Task
Return exactly and only these lines: the first of the listing through the one containing "Rhoda shaking Tom's".

Data supplied
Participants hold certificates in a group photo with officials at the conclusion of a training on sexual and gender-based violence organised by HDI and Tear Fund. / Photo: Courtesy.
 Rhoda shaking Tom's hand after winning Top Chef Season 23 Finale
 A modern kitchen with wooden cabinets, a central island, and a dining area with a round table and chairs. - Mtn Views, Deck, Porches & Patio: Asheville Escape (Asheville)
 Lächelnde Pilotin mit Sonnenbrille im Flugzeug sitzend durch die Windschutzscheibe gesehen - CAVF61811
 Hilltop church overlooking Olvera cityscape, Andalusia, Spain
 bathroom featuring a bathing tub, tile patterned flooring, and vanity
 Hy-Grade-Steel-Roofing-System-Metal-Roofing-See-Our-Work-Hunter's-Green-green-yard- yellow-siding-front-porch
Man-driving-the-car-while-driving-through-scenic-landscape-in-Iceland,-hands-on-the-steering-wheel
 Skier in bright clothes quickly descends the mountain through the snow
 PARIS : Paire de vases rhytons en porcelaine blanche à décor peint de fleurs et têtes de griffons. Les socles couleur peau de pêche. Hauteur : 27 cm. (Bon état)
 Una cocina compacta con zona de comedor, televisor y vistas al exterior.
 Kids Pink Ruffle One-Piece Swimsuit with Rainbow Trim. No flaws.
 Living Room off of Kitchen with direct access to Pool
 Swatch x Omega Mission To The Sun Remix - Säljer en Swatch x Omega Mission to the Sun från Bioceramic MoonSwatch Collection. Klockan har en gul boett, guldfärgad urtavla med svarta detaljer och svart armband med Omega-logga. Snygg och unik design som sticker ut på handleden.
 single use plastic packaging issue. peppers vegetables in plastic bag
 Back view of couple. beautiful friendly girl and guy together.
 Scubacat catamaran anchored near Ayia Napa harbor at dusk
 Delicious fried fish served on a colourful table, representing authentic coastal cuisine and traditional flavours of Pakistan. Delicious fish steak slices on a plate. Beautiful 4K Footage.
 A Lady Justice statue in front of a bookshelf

Exercise result
Participants hold certificates in a group photo with officials at the conclusion of a training on sexual and gender-based violence organised by HDI and Tear Fund. / Photo: Courtesy.
 Rhoda shaking Tom's hand after winning Top Chef Season 23 Finale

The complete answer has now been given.